Following a 3-2 loss to the Cleveland Indians on Monday, July 16, the Tampa Bay Rays dropped to 46-44 on the season. Dangerously close to the .500 mark, the record leaves the squad tied with the rising Boston Red Sox for 3rd in the AL East and another game behind in the crowded wildcard race.
Managing only 1 run and 3 hits in 6 innings against rookie pitcher Zach McAllister, the Rays' bats yet again looked anemic for much of the contest. Though pitching was expected to be their calling card, few predicted the offense would look so impotent.
Tampa Bay's .232 team batting average is 3rd worst in baseball. Even more frustrating, though the Rays cling to their reputation for late inning rallies, hitting with runners in scoring position has failed to be a strength in 2012. The club's .243 team average in such situations reflects the failure.
Indeed, after agonizingly leaving the bases loaded in the 9th inning of Sunday's loss, the club responded by stranding 5 runners in scoring position on Monday. A mere single in these situations against the 3rd worst pitching staff in MLB could have altered the contest's outcome.
Through 90 games, Tampa Bay interestingly has plated the exact same number of runs as it has yielded. With a run differential of 0, the club has scored and surrendered 372 tallies. Despite occasional exceptions, this number must remain positive if the Rays are to be a playoff-caliber team.
However, in addition to stellar pitching and batting improvements, a third factor figures into this equation. Atypical of a Joe Maddon squad, the 2012 Rays have not exhibited strong defense. In fact, with so many regulars missing from the lineup, defense has actually been a liability.
With Carlos Pena's errant throw in Monday's contest, the Rays have committed 73 errors. Not only is that number the 2nd highest in baseball, but it sadly matches the total amount from the entire 2011 season.
These miscues have largely emanated from the disappointing performances of the Rays' make-shift infield. While the absence of 3rd baseman Evan Longoria has rocked the club offensively, it likewise has been felt in the field. As a 2 time Gold Glove winner, Longoria did not post his top season at the hot corner in 2011, but only committed 14 errors in 130 games.
In contrast, the sub-par talent in Longo's place has struggled in the field nearly as much as at the plate. In 84 contests, primary replacement Sean Rodriguez is already responsible for 11 errors, while swing-man Will Rhymes similarly has struggled with 8 errors in only 44 games. Adding to the frustration, new acquisitions Drew Sutton and Brooks Conrad even chipped in a combined 5 errors in limited time.
Many of these miscues surely would not have occurred if Longoria were manning his usual position.
Longo's absence is not the only injury to hamper the club. The recent loss of Matt Joyce and the season-long absence of Sam Fuld have deprived Maddon of 2 reliable options in right. Turning Ben Zobrist into an everyday outfielder, not only has Zorilla struggled, but he has been largely unable to play his natural position of second base.

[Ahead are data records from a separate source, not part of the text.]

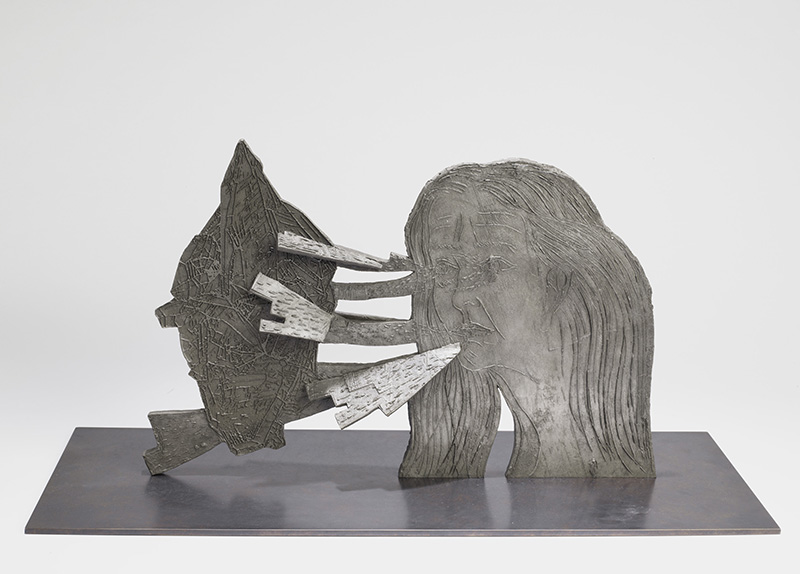 Kiki Smith, Surge, 2016, Blackened bronze, 37,5×76,2×30,5 cm, Ed. 1/6 + 1 AP, Courtesy the artist and Galleria Raffaella Cortese-Milano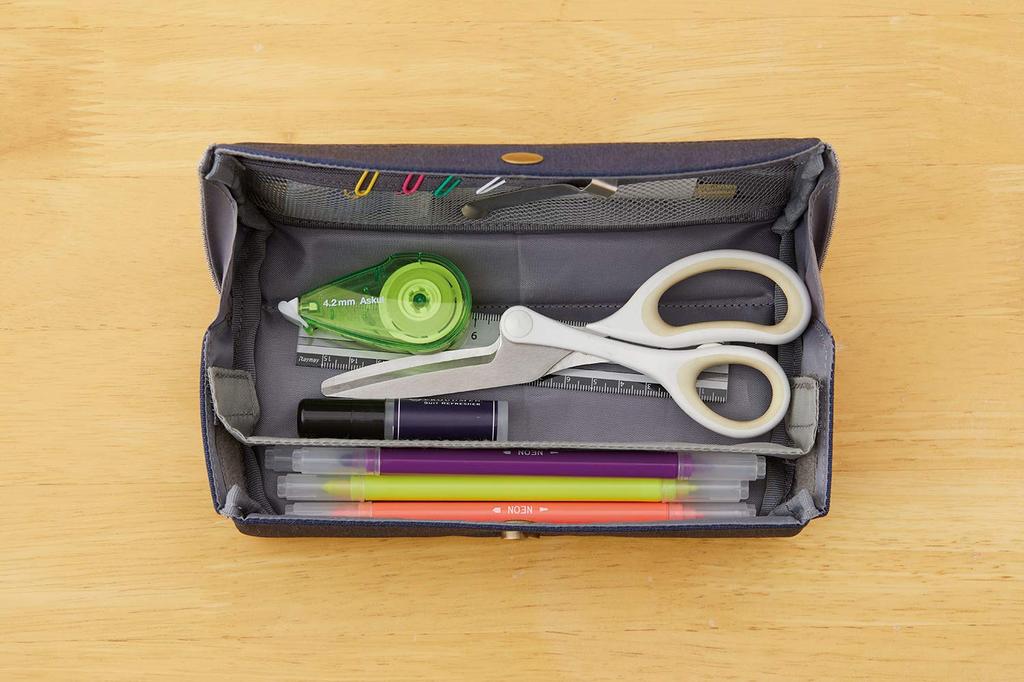 Raymay Fujii Pencil Case, Kohako, Navy, FY376K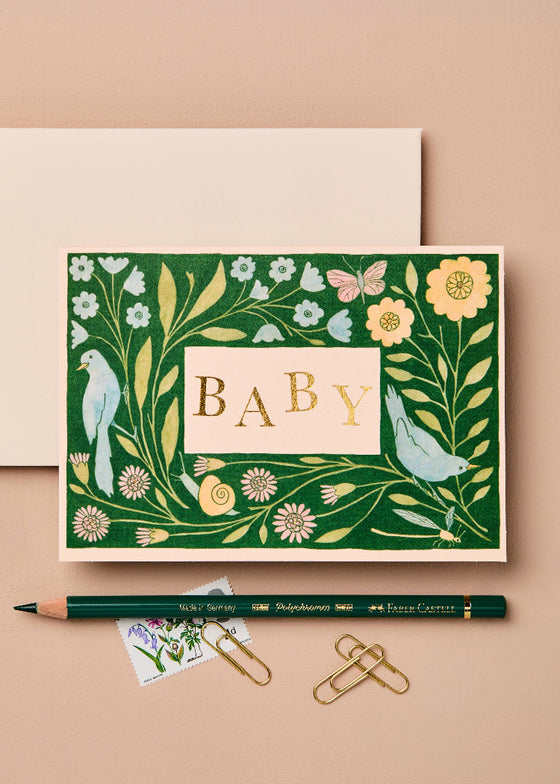 Wanderlust Paper Co | Springtime 'Baby' Card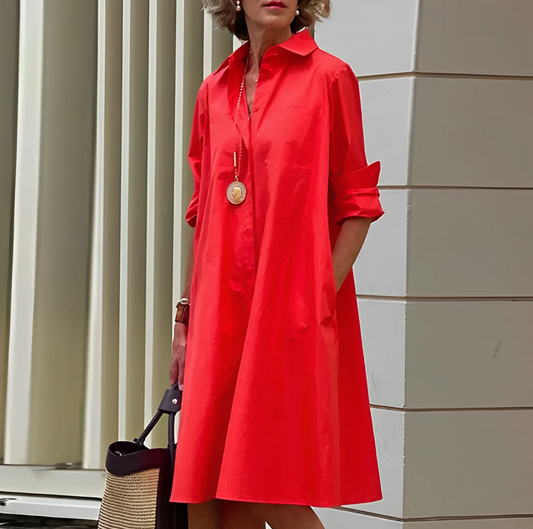 Lisbeth | Damen-Midikleid mit fließendem Schnitt und mühelosem Komfort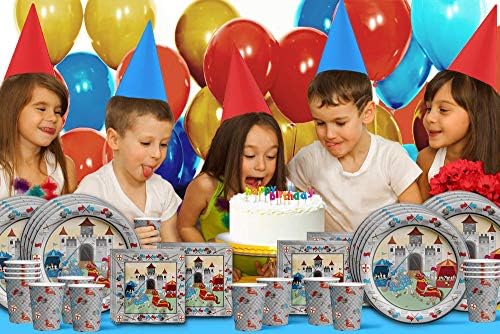 Medieval Knight Castle Birthday Party Supplies Set Plates Napkins Cups Tableware Kit for 16 - Image 7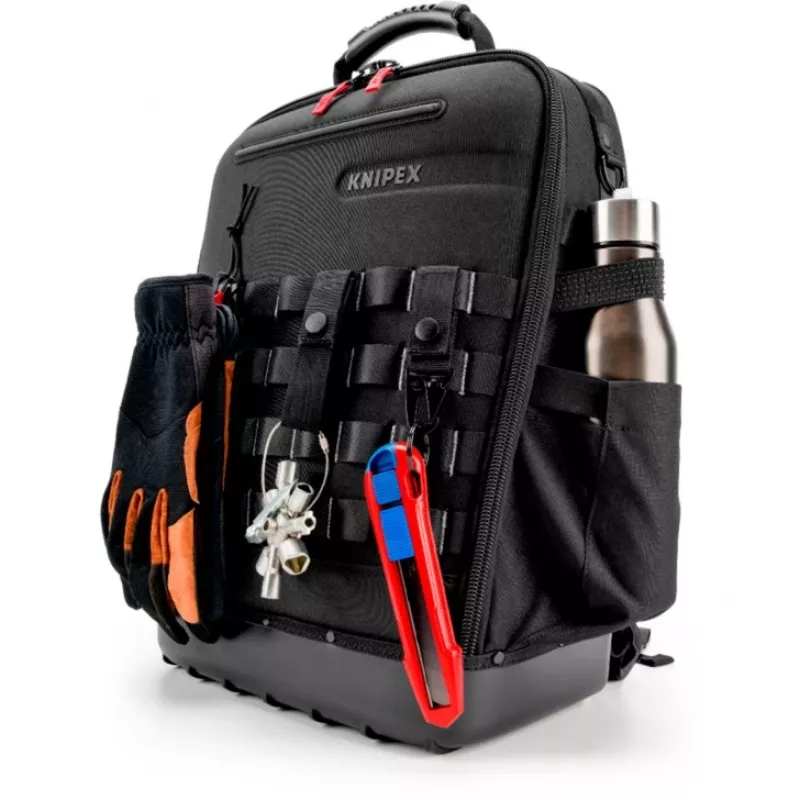 Tool Bag Knipex X18 37 Pockets Black Red Fabric Plastic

Furthermore, the subtle regressions at catcher and first base should not be overlooked. While the Rays' battery only committed 8 errors behind the plate during the entire 2011 season, this year's group has already made 9. Similarly, while Casey Kotchman was only responsible for 2 errors in 146 games last year, Carlos Pena has doubled that total in 2012.
While such defensive liabilities have not stung as painfully as woes at the plate, the lack of fundamentally sound baseball has undoubtedly thwarted the Rays. Even with injuries, it is not asking too much to expect these light-hitting replacements to possess a decent glove in the field.
Tampa Bay continues its 4 game homestand with the Cleveland Indians on Tuesday with a 7:10pm start at Tropicana Field.